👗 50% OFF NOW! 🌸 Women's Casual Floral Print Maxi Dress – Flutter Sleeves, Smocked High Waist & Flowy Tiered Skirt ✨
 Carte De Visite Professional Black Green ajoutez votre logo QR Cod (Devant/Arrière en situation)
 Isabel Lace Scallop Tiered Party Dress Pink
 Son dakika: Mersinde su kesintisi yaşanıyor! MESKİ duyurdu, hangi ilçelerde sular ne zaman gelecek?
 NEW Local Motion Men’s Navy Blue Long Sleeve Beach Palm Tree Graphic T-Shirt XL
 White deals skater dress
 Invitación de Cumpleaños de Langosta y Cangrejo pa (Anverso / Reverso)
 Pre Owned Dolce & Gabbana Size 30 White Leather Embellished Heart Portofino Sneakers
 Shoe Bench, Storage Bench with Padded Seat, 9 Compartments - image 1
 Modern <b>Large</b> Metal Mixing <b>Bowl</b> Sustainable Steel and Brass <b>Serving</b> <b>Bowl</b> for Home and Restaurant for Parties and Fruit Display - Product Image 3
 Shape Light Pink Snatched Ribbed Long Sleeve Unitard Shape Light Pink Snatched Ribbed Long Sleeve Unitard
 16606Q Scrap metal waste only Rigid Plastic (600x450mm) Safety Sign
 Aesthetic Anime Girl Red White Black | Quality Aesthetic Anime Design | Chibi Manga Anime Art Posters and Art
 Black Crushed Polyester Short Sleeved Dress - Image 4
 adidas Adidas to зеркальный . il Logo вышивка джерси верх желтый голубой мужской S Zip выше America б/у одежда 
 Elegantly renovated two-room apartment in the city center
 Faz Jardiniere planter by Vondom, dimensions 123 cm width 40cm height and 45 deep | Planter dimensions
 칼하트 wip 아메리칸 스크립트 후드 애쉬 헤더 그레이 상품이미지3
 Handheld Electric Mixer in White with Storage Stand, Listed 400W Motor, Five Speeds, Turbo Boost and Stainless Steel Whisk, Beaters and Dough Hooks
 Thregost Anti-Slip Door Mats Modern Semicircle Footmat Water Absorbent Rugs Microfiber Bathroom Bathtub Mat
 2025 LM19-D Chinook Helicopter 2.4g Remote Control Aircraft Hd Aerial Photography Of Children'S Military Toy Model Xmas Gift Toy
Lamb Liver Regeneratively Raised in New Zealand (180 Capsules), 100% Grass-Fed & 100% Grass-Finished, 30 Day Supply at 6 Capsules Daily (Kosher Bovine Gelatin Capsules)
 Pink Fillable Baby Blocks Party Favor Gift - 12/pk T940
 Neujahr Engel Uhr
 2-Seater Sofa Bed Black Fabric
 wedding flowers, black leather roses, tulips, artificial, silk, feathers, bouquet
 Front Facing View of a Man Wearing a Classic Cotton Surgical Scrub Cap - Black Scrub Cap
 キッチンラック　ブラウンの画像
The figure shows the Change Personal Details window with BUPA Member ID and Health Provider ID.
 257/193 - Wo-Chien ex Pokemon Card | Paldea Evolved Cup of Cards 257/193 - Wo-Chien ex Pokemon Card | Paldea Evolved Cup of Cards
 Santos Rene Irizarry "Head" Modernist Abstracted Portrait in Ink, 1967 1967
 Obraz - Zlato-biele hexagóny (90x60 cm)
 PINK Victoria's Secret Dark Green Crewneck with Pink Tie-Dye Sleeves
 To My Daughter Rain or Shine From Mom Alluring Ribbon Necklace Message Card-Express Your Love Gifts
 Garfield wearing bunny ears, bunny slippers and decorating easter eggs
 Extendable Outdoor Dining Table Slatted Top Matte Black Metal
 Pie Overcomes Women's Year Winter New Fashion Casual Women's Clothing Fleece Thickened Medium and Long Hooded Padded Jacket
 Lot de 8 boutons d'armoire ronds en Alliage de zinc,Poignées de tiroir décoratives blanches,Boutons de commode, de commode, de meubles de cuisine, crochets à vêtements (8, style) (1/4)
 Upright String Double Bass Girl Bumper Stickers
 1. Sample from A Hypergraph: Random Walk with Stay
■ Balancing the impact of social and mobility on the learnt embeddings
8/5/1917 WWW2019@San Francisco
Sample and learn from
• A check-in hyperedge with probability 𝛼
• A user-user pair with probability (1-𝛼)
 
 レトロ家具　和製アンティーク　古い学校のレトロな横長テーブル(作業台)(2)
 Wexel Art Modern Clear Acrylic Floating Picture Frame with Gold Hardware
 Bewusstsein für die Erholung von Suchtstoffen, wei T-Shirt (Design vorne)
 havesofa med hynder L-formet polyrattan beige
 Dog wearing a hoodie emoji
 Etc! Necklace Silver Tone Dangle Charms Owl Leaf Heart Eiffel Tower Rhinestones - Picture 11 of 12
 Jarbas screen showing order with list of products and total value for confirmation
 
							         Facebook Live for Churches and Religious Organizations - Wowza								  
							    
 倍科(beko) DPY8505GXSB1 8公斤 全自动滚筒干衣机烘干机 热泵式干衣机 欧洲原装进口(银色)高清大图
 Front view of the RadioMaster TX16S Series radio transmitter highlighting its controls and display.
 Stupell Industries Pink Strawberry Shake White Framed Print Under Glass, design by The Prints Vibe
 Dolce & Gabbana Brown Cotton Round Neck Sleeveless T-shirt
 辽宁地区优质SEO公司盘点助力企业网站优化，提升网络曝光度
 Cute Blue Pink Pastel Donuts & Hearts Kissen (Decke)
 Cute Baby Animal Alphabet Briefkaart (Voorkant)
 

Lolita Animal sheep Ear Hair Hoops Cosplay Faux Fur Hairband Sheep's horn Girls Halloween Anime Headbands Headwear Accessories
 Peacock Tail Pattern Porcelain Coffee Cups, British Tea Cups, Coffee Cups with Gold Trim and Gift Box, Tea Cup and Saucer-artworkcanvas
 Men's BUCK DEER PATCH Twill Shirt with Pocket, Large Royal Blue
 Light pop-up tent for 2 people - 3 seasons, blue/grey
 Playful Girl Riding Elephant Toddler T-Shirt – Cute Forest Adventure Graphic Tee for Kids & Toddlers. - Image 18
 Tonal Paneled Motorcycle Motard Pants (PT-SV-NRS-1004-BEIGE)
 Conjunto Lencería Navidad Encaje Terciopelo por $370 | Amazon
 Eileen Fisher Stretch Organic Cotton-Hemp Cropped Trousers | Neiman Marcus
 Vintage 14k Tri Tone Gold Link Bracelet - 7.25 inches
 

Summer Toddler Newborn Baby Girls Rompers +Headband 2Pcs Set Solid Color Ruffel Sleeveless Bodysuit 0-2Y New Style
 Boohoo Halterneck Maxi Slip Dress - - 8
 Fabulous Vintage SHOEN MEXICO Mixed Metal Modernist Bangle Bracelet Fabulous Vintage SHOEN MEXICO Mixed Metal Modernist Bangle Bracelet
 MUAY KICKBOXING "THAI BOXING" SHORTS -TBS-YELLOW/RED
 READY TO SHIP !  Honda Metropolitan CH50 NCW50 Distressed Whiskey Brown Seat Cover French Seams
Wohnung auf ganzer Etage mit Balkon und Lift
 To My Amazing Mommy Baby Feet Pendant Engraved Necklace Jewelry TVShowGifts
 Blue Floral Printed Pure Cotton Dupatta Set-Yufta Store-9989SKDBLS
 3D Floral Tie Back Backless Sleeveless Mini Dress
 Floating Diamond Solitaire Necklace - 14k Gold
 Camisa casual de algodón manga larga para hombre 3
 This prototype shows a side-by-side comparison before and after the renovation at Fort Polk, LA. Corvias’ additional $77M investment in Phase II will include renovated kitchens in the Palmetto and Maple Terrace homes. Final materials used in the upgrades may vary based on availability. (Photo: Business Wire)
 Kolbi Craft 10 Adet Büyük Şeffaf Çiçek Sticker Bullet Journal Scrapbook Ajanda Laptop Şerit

**Exercise brief**.
Your answer should reproduce each line of the listing that holds the word "Girls".

**Your response**.
Lolita Animal sheep Ear Hair Hoops Cosplay Faux Fur Hairband Sheep's horn Girls Halloween Anime Headbands Headwear Accessories
Summer Toddler Newborn Baby Girls Rompers +Headband 2Pcs Set Solid Color Ruffel Sleeveless Bodysuit 0-2Y New Style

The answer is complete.